Penguins fall flat in Game 3 loss to Predators |

Penguins fall flat in Game 3 loss to Predators

Jonathan Bombulie

NASHVILLE, Tenn. — When a raucous Bridgestone Arena crowd was in danger of losing its enthusiasm, Roman Josi and his teammates on the power play gave the Nashville Predators a spark.

For the Penguins, the power play was where sparks went to die.

Josi’s special-teams strike kickstarted a three-goal second period for the Predators, leading them to a 5-1 victory over the Penguins in Game 3 of the Stanley Cup Final on Saturday night.

The Penguins lead the series 2-1 with Game 4 set for Monday night in Nashville.

“They were the more desperate team tonight,” Sidney Crosby said. “That was pretty evident.”

The Penguins went 0 for 3 on the power play in the game to fall to 1 for 13 in the series. They managed one shot on goal in six minutes of power-play time.

“It’s the first time in my career we can’t score like that,” Evgeni Malkin said. “So many chances. We’re not shooting the puck. They pressure us. First power play, we moved the puck so well, but still no shots.

“We need to change something. I don’t know. If we score a couple goals, it’s so much easier to play. It’s not working. We need change. Maybe players. I don’t know. It’s tough to say right now. But I know we played bad on the power play.”

Whether on the power play or even strength, neither Crosby nor Malkin got a shot on the goal in the game. Crosby attempted one. Malkin tried none.

“I’m not having room,” Malkin said. “I have puck, like, one second. I try my best. We all try our best. They play very well. We need to change something. I don’t know. It’s hard to say right now.”

Given the energy level in the building, which was hosting a game in the final series for the first time, it would have been reasonable to expect the adrenaline-fueled Predators to steamroll the Penguins early.

They did nothing of the sort, and before the game was three minutes old, Jake Guentzel gave the Penguins a 1-0 lead.

Crosby’s line caused a commotion on the forecheck, with the puck making its way to Ian Cole at the left point. Cole shot, and Guentzel slipped the rebound past goalie Pekka Rinne.
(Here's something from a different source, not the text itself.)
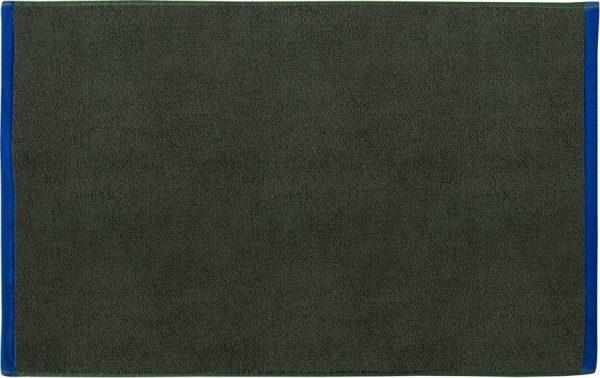 Tmavě zelená/modrá koupelnová předložka z bio bavlny 50x80 cm Soft – Mette Ditmer Denmark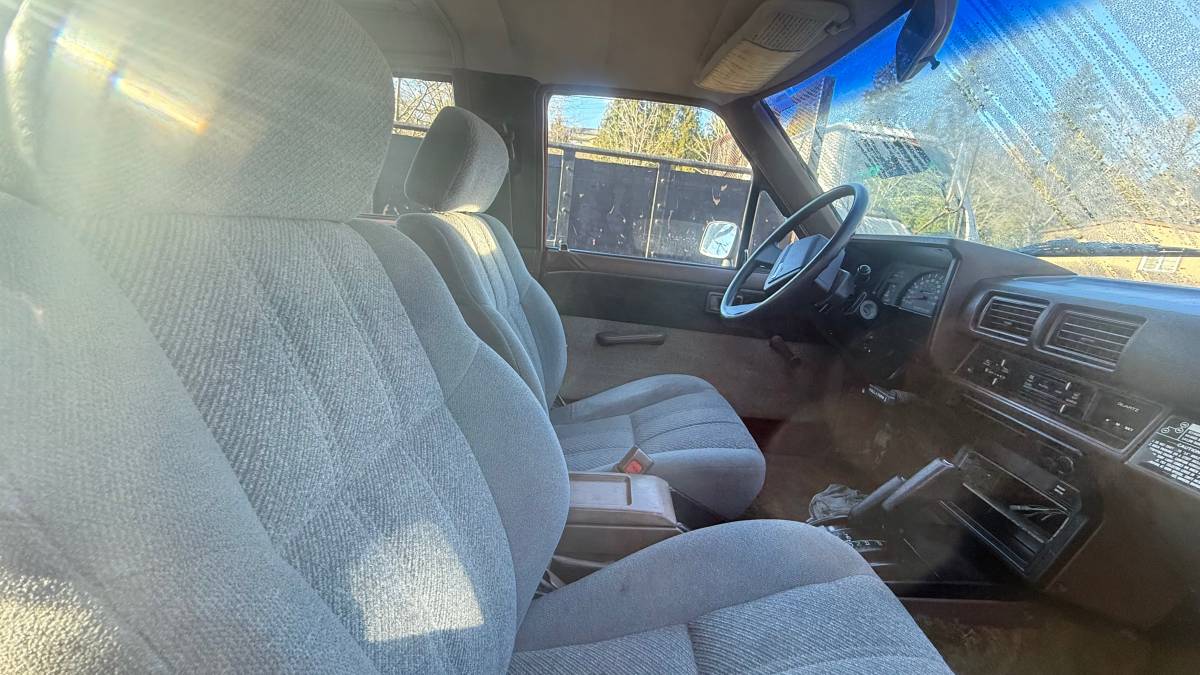 Toyota-4-runner-deluxe-4x4-1986-red-3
Guentzel has scored in all three games of the final series. He has 13 goals in the playoffs, one off the all-time NHL rookie record set by Minnesota’s Dino Ciccarelli in 1981.

“I thought the first part of the game, we did everything we wanted to do,” coach Mike Sullivan said. “We got the first goal. I thought we controlled the puck. We controlled momentum.”

Penguins center Evgeni Malkin gets his stick stuck on Predators left wing Filip Forsberg in the third period of Game 3 of the Stanley Cup Final on Saturday, June 3, 2017, at Bridgestone Arena in Nashville, Tenn. For more images from Game 3, visit the Trib’s photo gallery.

Photo by Christian Tyler Randolph


The Penguins continued to push, and Rinne continued to look shaky but the score stayed 1-0 through the end of the period. That left the Predators in a perfectly fine position from which to attack in the second.

And attack they did.

The momentum turned when Justin Schultz was called for holding about four minutes in. Josi scored on the ensuing power play, connecting on a shot from the right faceoff circle that deflected off the left glove of penalty killer Carter Rowney.

The Predators rode the wave to another goal 42 seconds later when Frederick Gaudreau used Cole as a screen and beat Matt Murray with a wrister from the slot.

“We gave them so much space,” Malkin said. “They controlled puck. We lost control, I think, after the first period. We took a couple of penalties. We gave them a couple of breakaways. It’s not our game.”

Finally, with 22.6 seconds left in the period, the Predators delivered a dagger when a Viktor Arvidsson pass banked off defenseman Brian Dumoulin and the back of the net to James Neal at the post for a shot in off Murray’s glove.

“It’s tough to come back when those things happen,” winger Patric Hornqvist said. “We have to stay with it. We can’t give up that goal. And we have to be better on the power play.”